TRILL (or a proprietary TRILL-like implementation like FabricPath) would solve most of the STP-related issues once implemented properly (ignoring STP does not count as properly scalable implementation in my personal opinion). However, we still have limited operational experience and some vendors implementing TRILL might still face a steep learning curve before all the loop detection/prevention and STP integration features work as expected.
Flooding of BUM frames is an inherent part of transparent bridging and cannot be disabled if you want to retain its existing properties that are relied upon by broken software implementations.
Every broadcast frame flooded throughout a L2 domain must be processed by every host participating in that domain (where L2 domain means a transparently bridged Ethernet VLAN or equivalent). Ethernet NICs do perform some sort of multicast filtering, but it’s usually hash-based and not ideal (for more information, read multicast-related blog posts written by Chris Marget).
Finally, while Ethernet NICs usually ignore flooded unicast frames (those frames still eat the bandwidth on every single link in the L2 domain, including host-to-switch links), servers running hypervisor software are not that fortunate.
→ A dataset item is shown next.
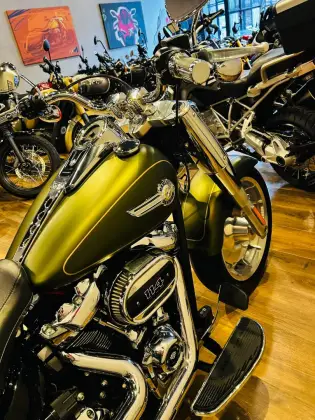 HARLEY-DAVIDSON SOFTAIL FAT BOY 114 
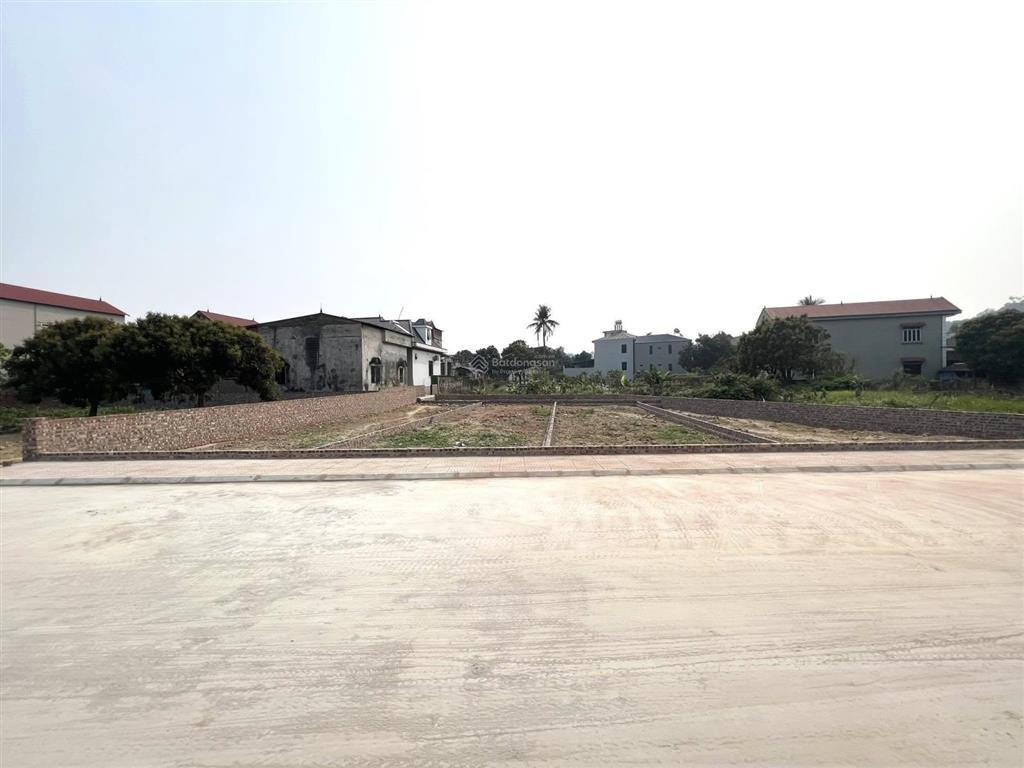 Bán 386,6m2 bìa làng rộng 8m. phù linh  xã sóc sơn  tp hà nội. phần 04 lô bán theo sơ đồ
The hypervisor requirements (number of unicast MAC addresses within a single physical host) typically exceed the NIC capabilities, forcing hypervisors to put physical NICs in promiscuous mode. Every hypervisor host thus has to receive, process, and oft ignore every flooded frame. Some of those frames have to be propagated to one or more VMs running in that hypervisor and further processed by them (assuming the frame belongs to the proper VLAN).
In a typical every-VLAN-on-every-access-port design, every hypervisor host has to processes every BUM frame generated anywhere in the L2 domain (regardless of whether its VMs belong to the VLAN generating the flood or not).
You might be able to make bridging scale better if you’d implement fully IP-aware L2 solution. Such a solution would have to include ARP proxy (or central ARP servers), IGMP snooping and a total ban on other BUM traffic. TRILL as initially envisioned by Radia Perlman was moving in that direction and got thoroughly crippled and force-fit into the ECMP bridging rathole by the IETF working group.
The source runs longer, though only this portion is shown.